→ Source material
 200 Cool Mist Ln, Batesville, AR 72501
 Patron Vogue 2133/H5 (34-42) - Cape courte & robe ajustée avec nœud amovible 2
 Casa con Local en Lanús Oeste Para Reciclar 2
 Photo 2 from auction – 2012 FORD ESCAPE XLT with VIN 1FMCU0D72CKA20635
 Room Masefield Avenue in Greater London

...

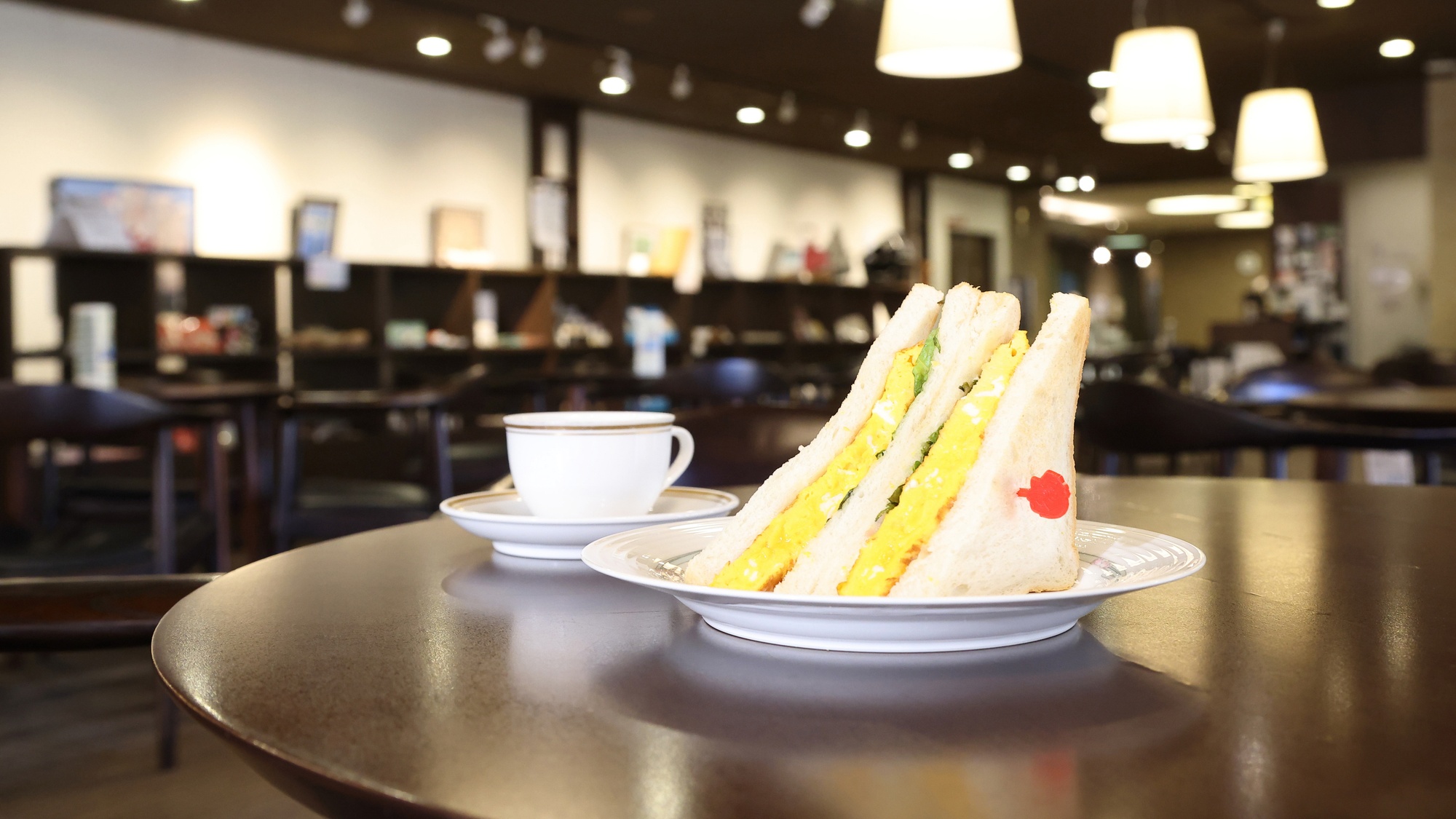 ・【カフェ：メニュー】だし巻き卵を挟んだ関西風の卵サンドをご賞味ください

→ Problem description
Looking at the entries above, can you reproduce exactly the lines from the one that holds "Photo 2 from" through the one that holds "Room Masefield Avenue in Greater London", and only those?

→ Response area
 Photo 2 from auction – 2012 FORD ESCAPE XLT with VIN 1FMCU0D72CKA20635
 Room Masefield Avenue in Greater London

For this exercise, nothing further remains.